Data segment:
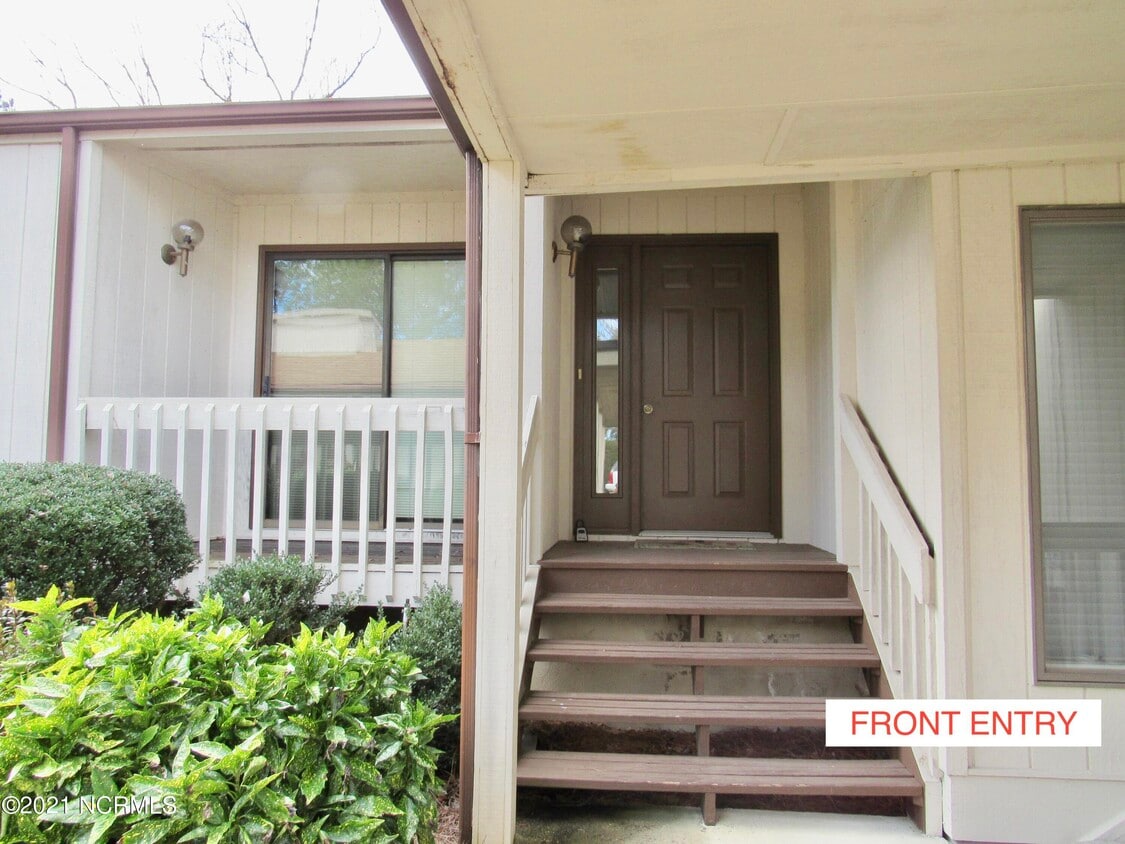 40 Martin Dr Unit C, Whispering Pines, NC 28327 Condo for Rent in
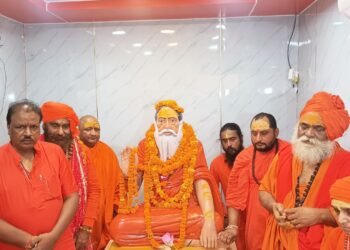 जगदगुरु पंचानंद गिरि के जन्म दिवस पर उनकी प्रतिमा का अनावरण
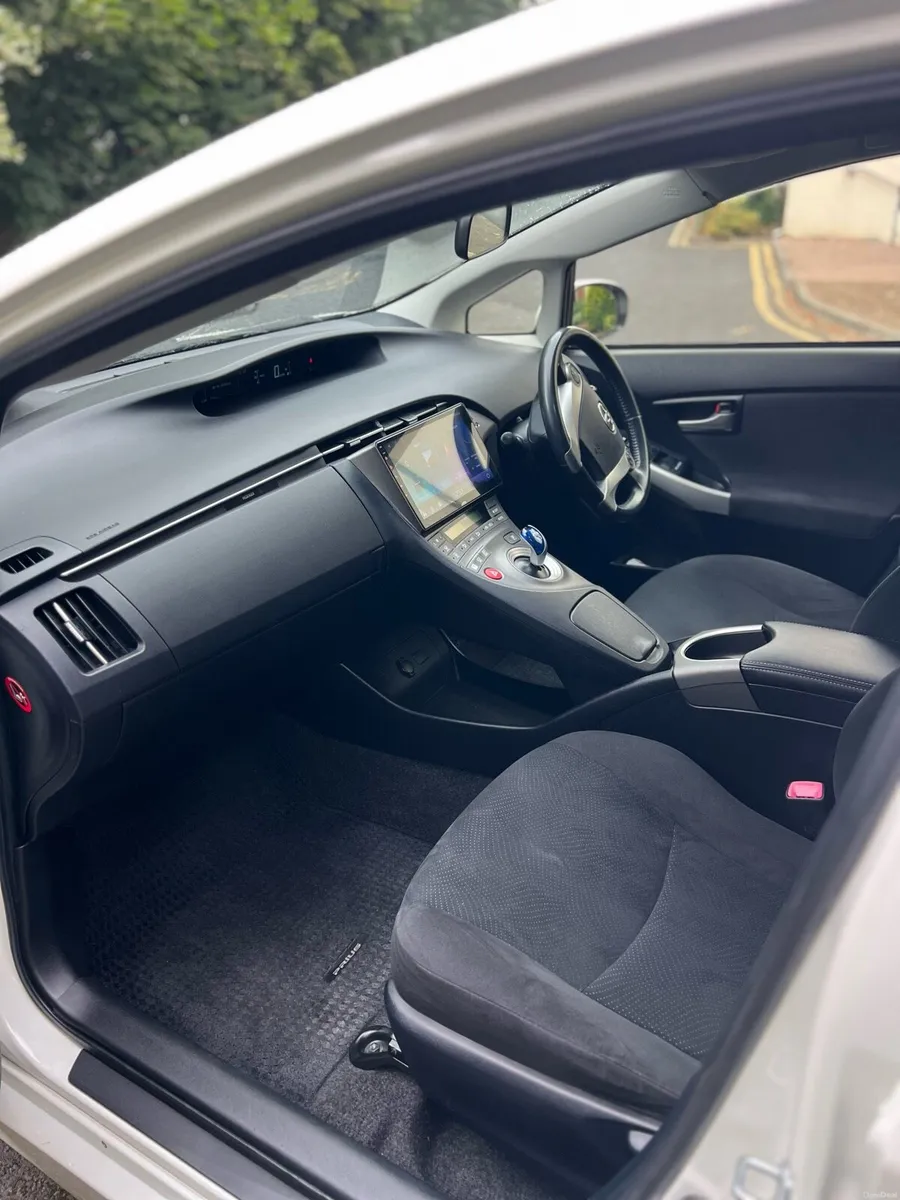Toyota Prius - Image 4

Task brief:
Pictures are not part of the copy. Please reproduce the material word for word.

Response below:
 40 Martin Dr Unit C, Whispering Pines, NC 28327 Condo for Rent in
 जगदगुरु पंचानंद गिरि के जन्म दिवस पर उनकी प्रतिमा का अनावरण
Toyota Prius - Image 4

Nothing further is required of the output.